Köprü gerçekten güzel. Araca kapalı. Köprü duvarlarında işlemeler var ama neredeyse silindi silinecek. Şah Abbas köprünün üzerinde, kendine ait olan bölmede nehri, arada sırada yapılan su oyunlarını izlermiş. Burada nehrin aktığı aşağı sette, gözlerden gelen sular az ileride bir geminin ön tarafı gibi birleşiyor. Bir dakikadan daha fazla bakıldığında insanda suyun tersten aktığı gibi bir illüzyon hissi uyandırırmış; bizim çocuklar gördüklerini söyleseler de ben bir şey algılayamadım. Bir de köprünün iki ucu arasındaki aslan heykellerinin bir hikayesi var ama anlayamadım.
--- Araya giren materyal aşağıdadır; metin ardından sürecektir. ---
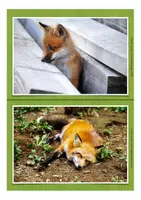 Vorschau - Stundenentwürfe - Materialpaket Fuchs (Sachtexte, Arbeitsblätter, Spiel, Bildkarten..) - Seite 3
Biz zamanlar ışık mı ne çıkarmış. Baktım, heykelin yüzüne flaşı patlattım. Bir zamanlar ışık çıkartıyorsa da flaştan sonra kesinlikle kör olmuş olmalı.
İnsanlara bakıyorum ve şunu gözlemliyorum. Dünyada evrimin en alt kademelerinde İranlı erkekler var. Köprünün portikosunda anneye yol veriyorum. Duralıyor, alışmamış. Sonra, özür dileyerek ilerlerken karşıdan gelen üç balta yüzünden duralıyor. Ne araçta ne de kendi deyimleriyle piyade olarak yol verme gibi bir kavram yok bunlarda. Aradan dalıp ortadakine bir omuz attım. Berikiler kızla konuşup fotoğraf çektirmekle meşguller. Beni umursayan yok. Omuz attığım gençle bakışıyoruz bir müddet. Diğer ikisiyse henüz ne olduğunun, neden bakıştığımızın farkında değiller. Ya gerçekten tırsık ve kolpacı insanlar yada bir harici ile kapışıp başlarına bela almak istemiyorlar. Kim bilir yabancı turistler ülkelerinde olumsuz propaganda yapmasın diye bazı baskılar olabilir. Çocuk dönüp yoluna devam edene dek bakınıyorum. Bir kaç adım sonra dönüp bana bakıyor ve nedense duraksamadan yapıyor bunu. Anne ise nasıl bir belayı başına sardığını düşünürcesine dehşet içinde bakıyor bana.
Bu arada kuzey kıyısında ay yükseliyor. Ay önünde toplu fotoğraflar çektiriyoruz. Işık yetersiz, hayal kırıklığı çekimlerin sonucu. Bu arada CS’çi bir kızın gezdirdiği, Rus olduğunu sandığım birine denk geliyoruz. Herifte potansiyel manyak tipi var. Bakışlarıyla hepimizi tek tek süzüyor.
Aslan heykelinin orada kahkahalarla gülüyorum, nedenini şimdi hatırlamasam da…
Hostele girmeden muzlu süt kürünü uyguladık gene. İyi geldi.